27 декабря 69, суббота . Кончается 69 год. Ему осталось всего несколько дней, и я жду новых и новых горь.
* * *
Еще одно огорчение: мне пришлось своими руками уложить в гроб статью «Пять писем С. Маршака». Удушить последний мой шанс на голос в печати.
Две недели назад некая Н. Д. Костанжогло известила меня, что статья «без изменений» идет в набор.
Третьего дня та же Н. Д. сообщила мне, что Б. И. Соловьев требует снять 3 абзаца… I абзац – чепуха, я согласна снять; 2 других – о разгроме редакции в 37–39 г. Я – ни за что.
Неприятнейшие разговоры по телефону с З. С. Паперным, И. С. Маршаком, Е. Н. Конюховой. Ощущение ненависти к Соловьеву, который хочет, чтобы вместо «работа редакции была грубо оборвана» писалось: «ряды его сотрудников поредели»; вместо «книги на 2 десятилетия исчезли с полок» – «на некоторое время»; не допускает перечисления имен погибших; не разрешает сказать, что, когда впервые, после смерти Сталина (в статье Германа) была добрым словом помянута редакция С. Я. воскликнул: «Точно замурованную дверь отворили»[1].
Паперный был равнодушно-доброжелателен; Элик[2] – очень хотел отстоять; Конюхова – лед, официальность.

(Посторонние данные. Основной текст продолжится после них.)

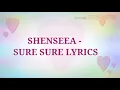 Shenseea - Sure Sure (Lyrics)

Ей я сказала в ответ на ее слова: «Неужели нельзя найти какую-нибудь формулировку помягче? Вместе?» – Можно искать вместе формулировки, если у людей общая цель. Но у меня с Б. И. Соловьевым разные цели. Он хочет прикрыть 37 г., затуманить его, а я хочу – открыть поясней. Я и то уже пошла на такие смягчения, что не употребляю слов расстрел, лагерь. Мягче, чем у меня написано, я не могу».
Так погибла и эта статья.
И все это вздор. Погибают люди. Арестована Горбаневская. На волоске Якобсон, которого я полюбила. У Наташи Горбаневской двое детей. У Якобсона больной мальчик[3]. И Наташа Горбаневская и Якобсон настоящие литераторы, таланты. Да хранит их – кто?